Mid-Year 2008: Securities Lawsuit Filings Remain Up
Is litigation stemming from the subprime- and credit crisis-related activity increasing directors’ and officers’ insurance premiums? Despite the steady flow of new securities litigation during the first half of 2008, it may be too soon to answer that question.
Largely as a result of the subprime- and credit crisis-related litigation, the number of new securities class action lawsuits filed during the first half of 2008 was nearly 50 percent higher than the number of new securities lawsuits filed in the first six months of 2007.
There were 104 new securities class action lawsuits filed between Jan. 1, 2008, and June 30, 2008, compared with only 69 new securities lawsuits during the first six months of 2007.
The 203 filings during the 12-month period from July 1, 2007, to June 30, 2008, is about 15 percent higher than the 176 class securities lawsuit filings for the full year 2007, and the 203 filings also represents a 65 percent increase compared to the 123 filings during the 12-month period between July 1, 2006, through June 30, 2007.
The 203 lawsuit securities lawsuit filings during the 12-month period ending June 30, 2008, is the highest 12-month total since the period July 2004 through June 2005, when 228 lawsuits were filed.

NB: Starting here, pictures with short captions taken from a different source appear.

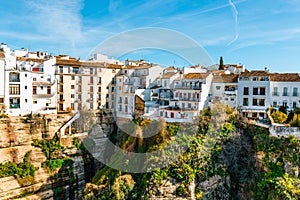 The famous stone bridge over the gorge of tajo in Ronda, Spain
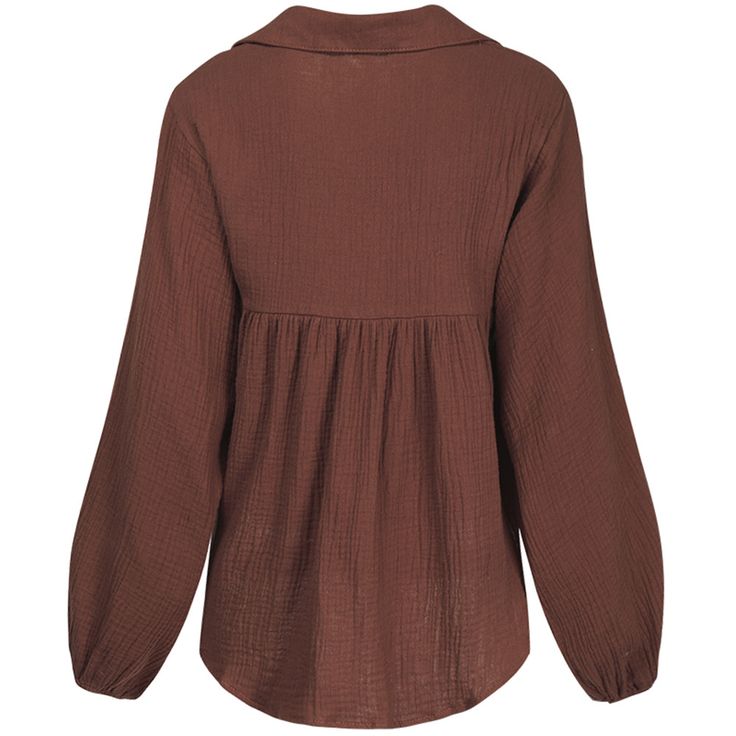 Coffee Lapel Loose Style Lantern Long Sleeve Blouse Brown Solid Color Tops For Work, Collared Brown Blouse For Spring, Spring Collared Brown Blouse, Brown Collared Spring Blouse, Brown Collared Blouse For Spring, Brown Long Sleeve Solid Color Blouse, Brown Long Sleeve Solid Blouse, Brown Solid Color Blouse For Fall, Casual Brown Collared Blouse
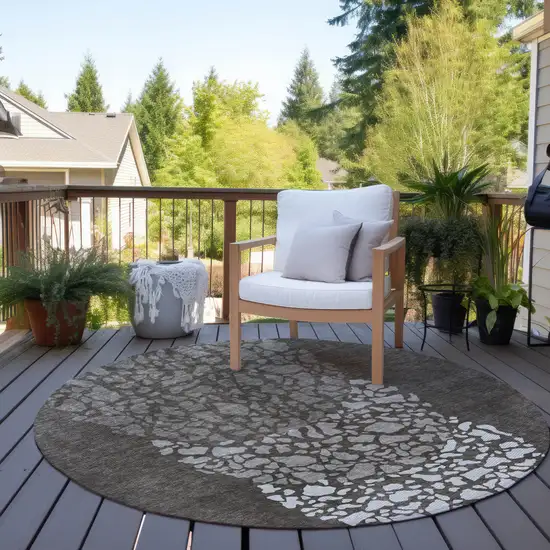 8' Taupe Brown And Ivory Round Abstract Washable Indoor Outdoor Area Rug Photo 6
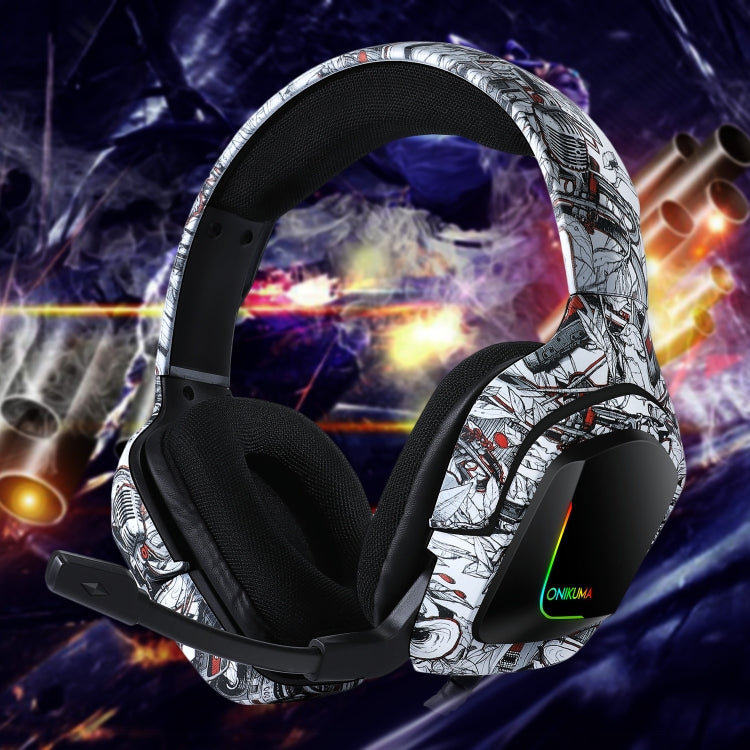 ONIKUMA K20 PS4 Surround Sound Bass PC Gamer Headphone with Microphone, RGB Light(Black Gray) - free shipping - PMC Jewellery - Order now!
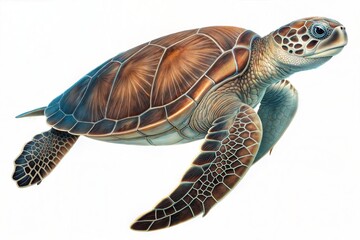 Fototapeta premium Realistic illustration of a sea turtle swimming, beautiful detailed depiction of a marine turtle in motion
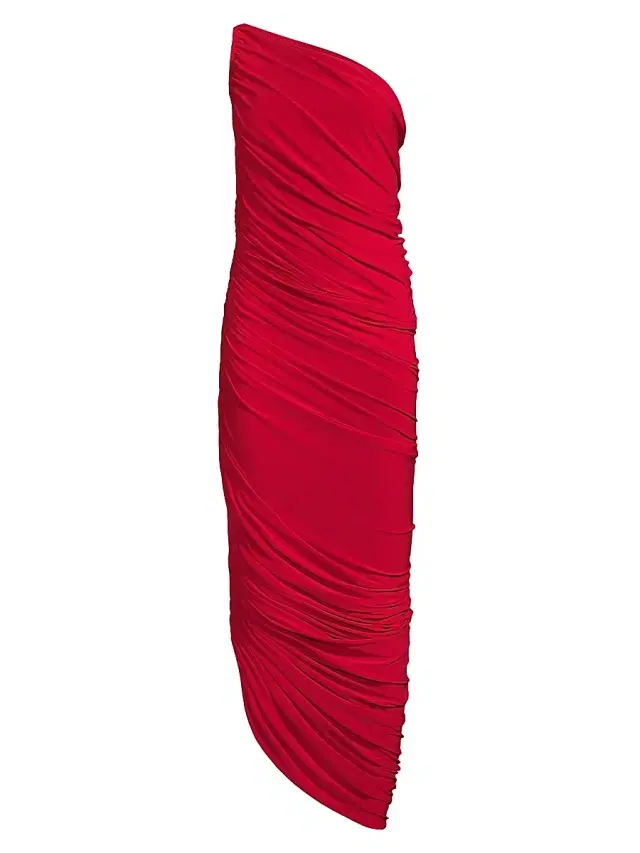 Norma Kamali Women's Diana Ruched One-Shoulder Gown - Red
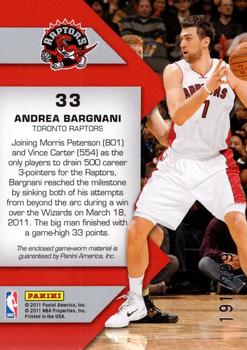 2010-11 Panini Totally Certified - Fabric of the Game Jumbo Team #33 Andrea Bargnani Back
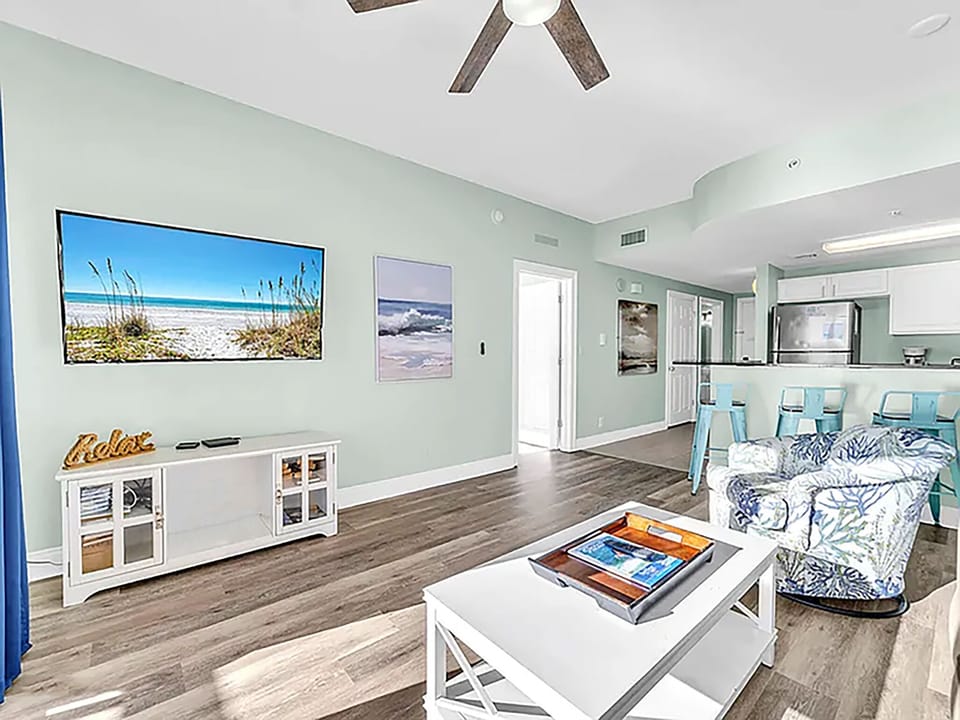 Living room with flat screen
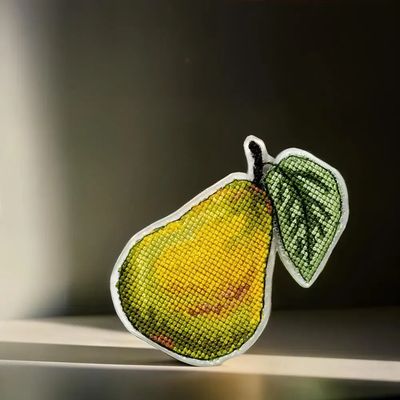 Pear by Wonderland Crafts Double-Sided Cross stitch kit on a plastic base with magnet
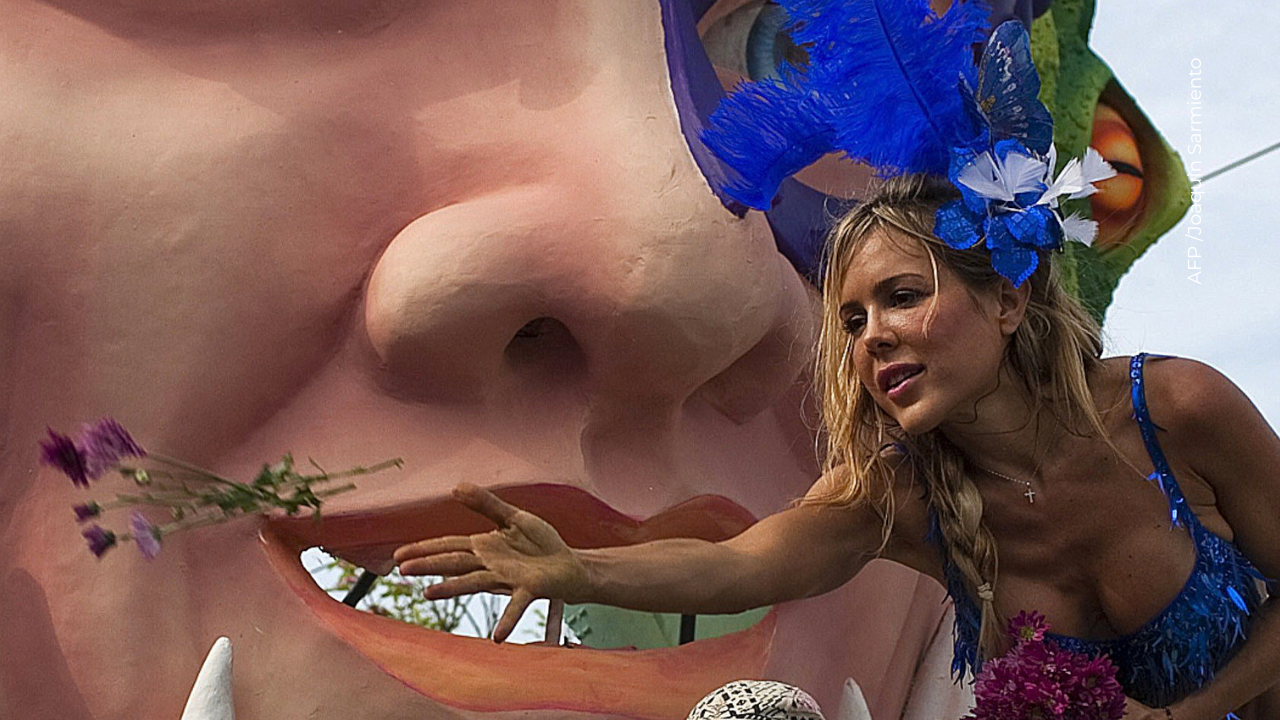 Natalia París en el Carnaval de Barranquilla.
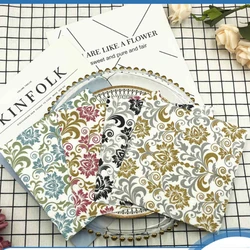20pcs/Pac Multicolour European Floral Colourful Printed Napkin Square Paper Napkin Restaurant Wedding Party Folding Table Runner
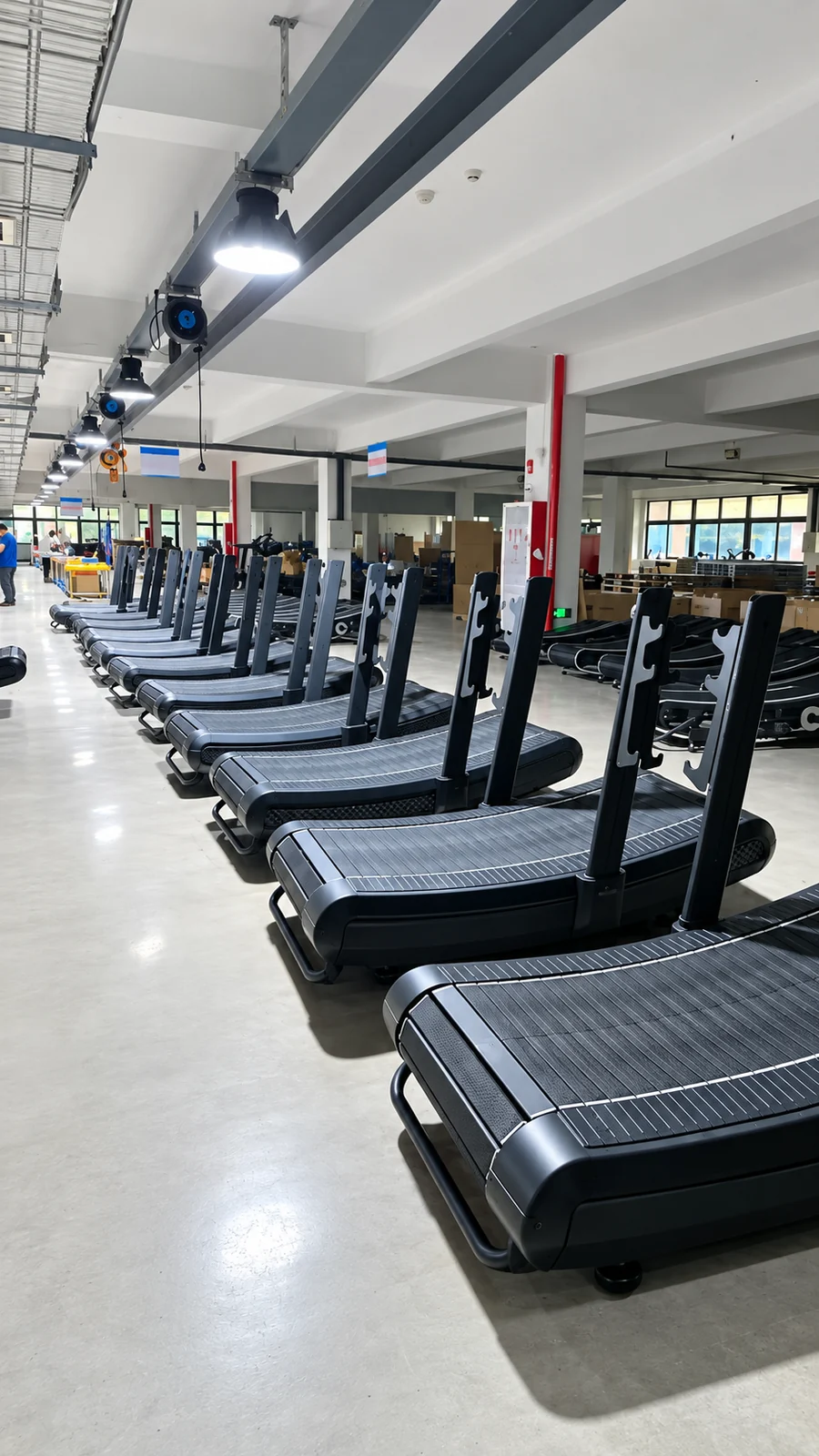 Finished commercial curved treadmills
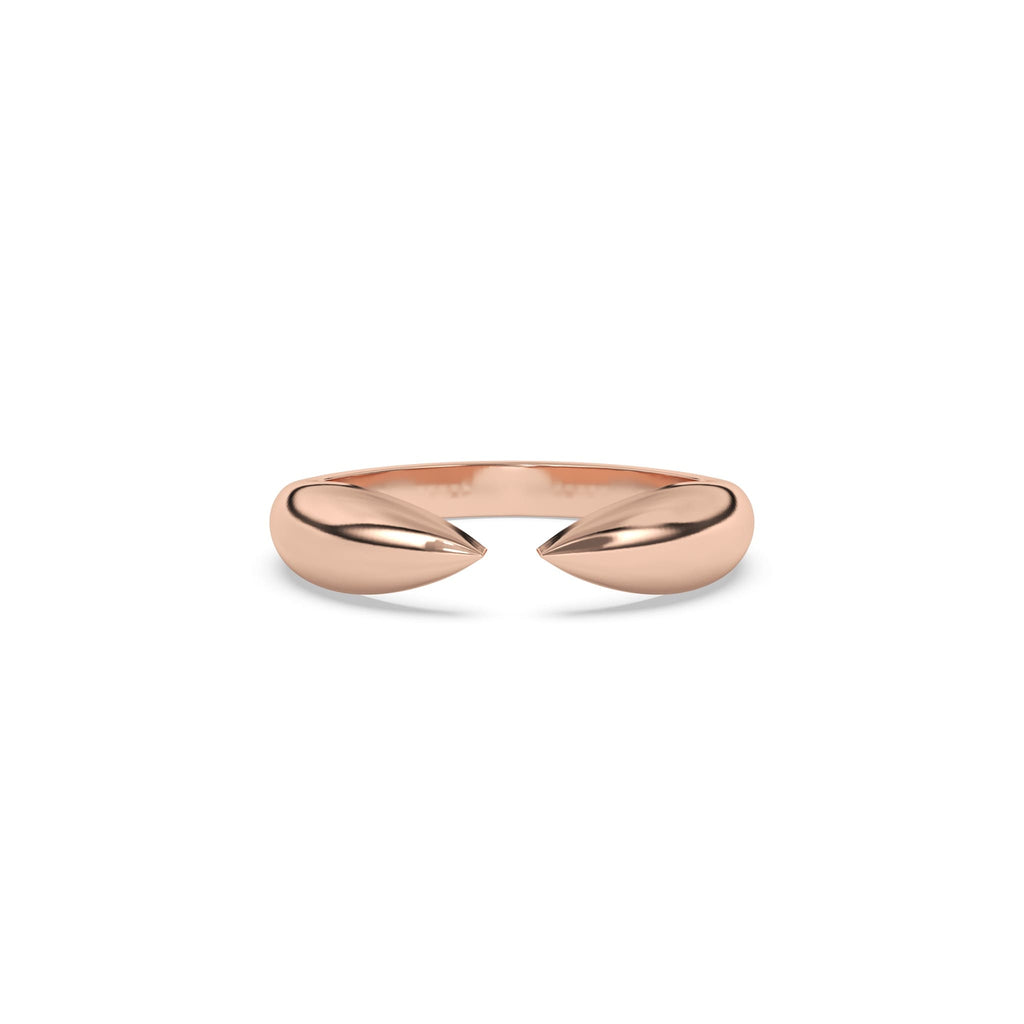 solid gold claw ring made in 14k solid rose gold 
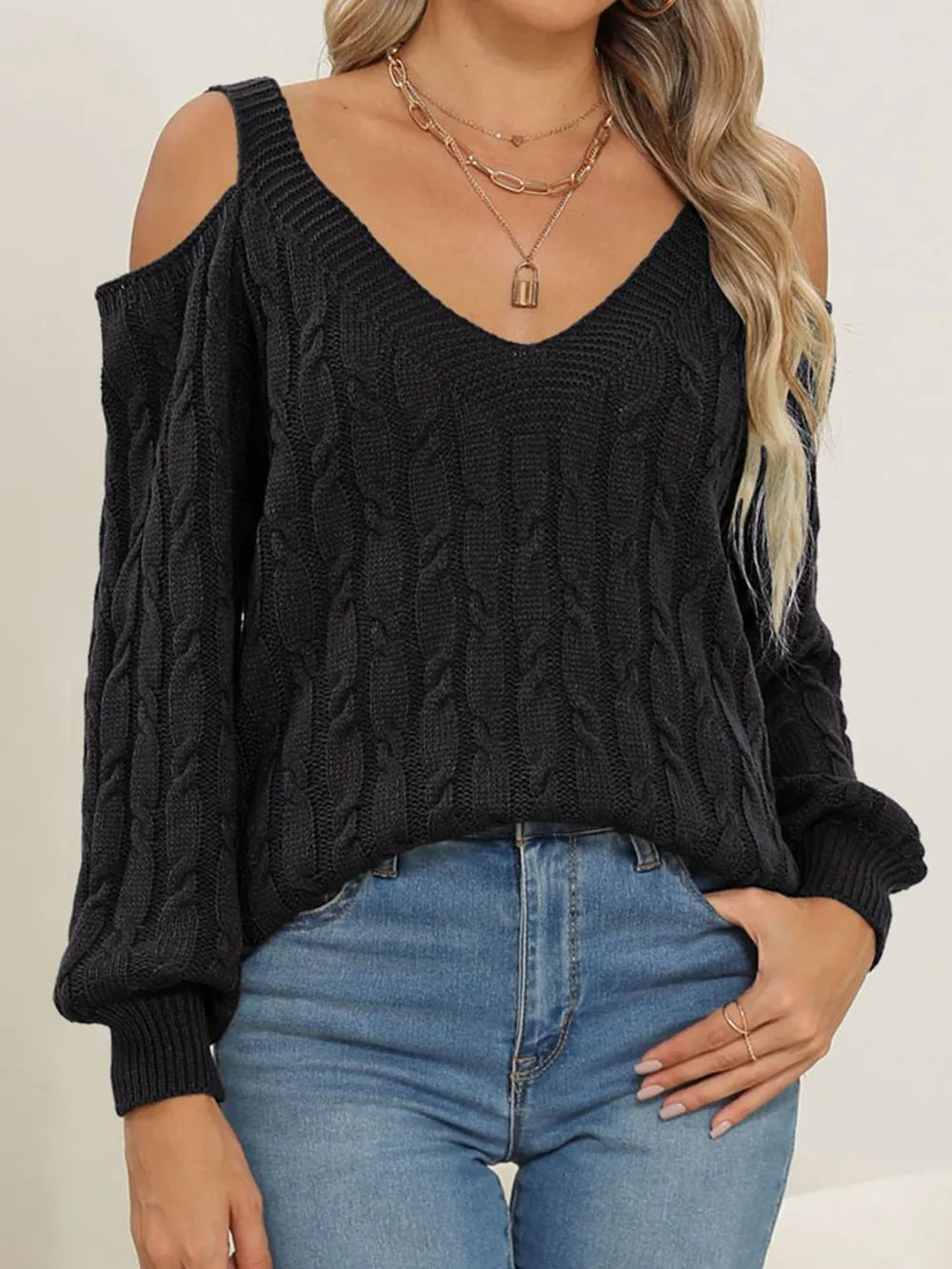 Casual front style of Cable-Knit Long Sleeve Sweater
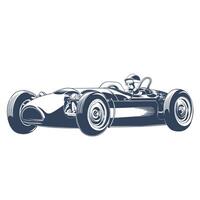 Retro race car with helmeted driver in vintage sketch style vector
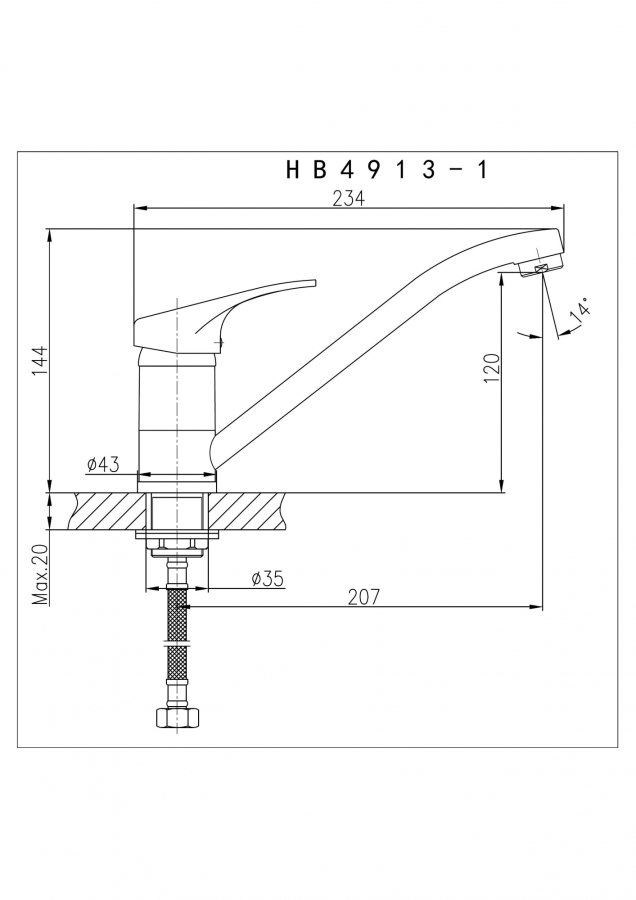 Haiba смеситель для кухни HB4913-1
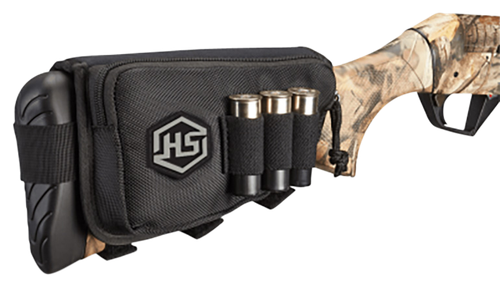 Hunters Specialties 01621 Buttstock Shell Holder  W/Pouch Holds 3 Rounds Black Polyester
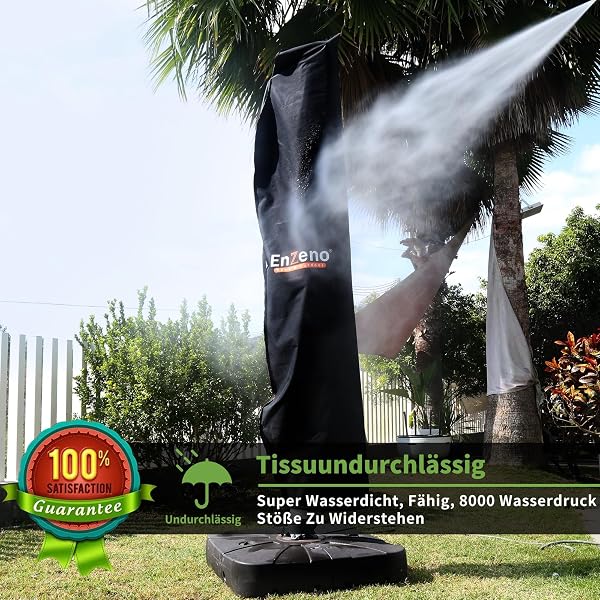 Enzeno Schutzhülle für Ø 350cm/200x300cm Sonnenschirme,190x30/50cm Oxford Stoff Abdeckung Sonnenschirme, Abdeckhauben für Gartenschirm mit wasserdichtem Reißverschluss - 5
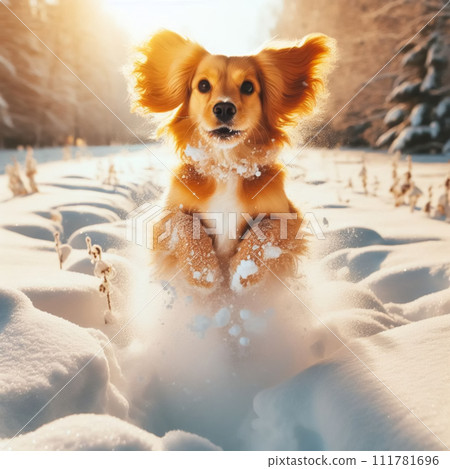 狗在雪地裡玩 111781696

The most significant factor in the elevated securities filing activity was the number of new lawsuits associated with the subprime and credit-related crisis. Fifty-eight of the first-half filings, or about 55 percent, of the first half securities lawsuit filings were subprime- or credit crisis-related. Only 46 of the 103 first-half securities lawsuit filings were not subprime- or credit crisis-related, meaning that the credit crisis-related litigation unquestionably was a driving factor in the elevated securities lawsuit filings levels in the first half of 2008.
The subprime and credit crisis filings show no sign of abating. Of the 58 credit crisis-related lawsuits filed in the first half of 2008, 28 — or almost 50 percent — were filed in the second quarter, including 10 in June 2008 alone. That continued steady filing level suggests that the subprime and credit crisis-related litigation wave will continue during the second half of 2008.
Although the companies named in securities lawsuits during the first half of 2008 were drawn from 56 different categories in the U.S. Department of Commerce’s Standard Industrial Classification index, fully 60 of the first half-lawsuits (or roughly 58 percent of the first half filings) were filed against companies in the 6000 SIC Code series (Finance Insurance and Real Estate). No other SIC Code category outside the 6000 series had more than three lawsuits.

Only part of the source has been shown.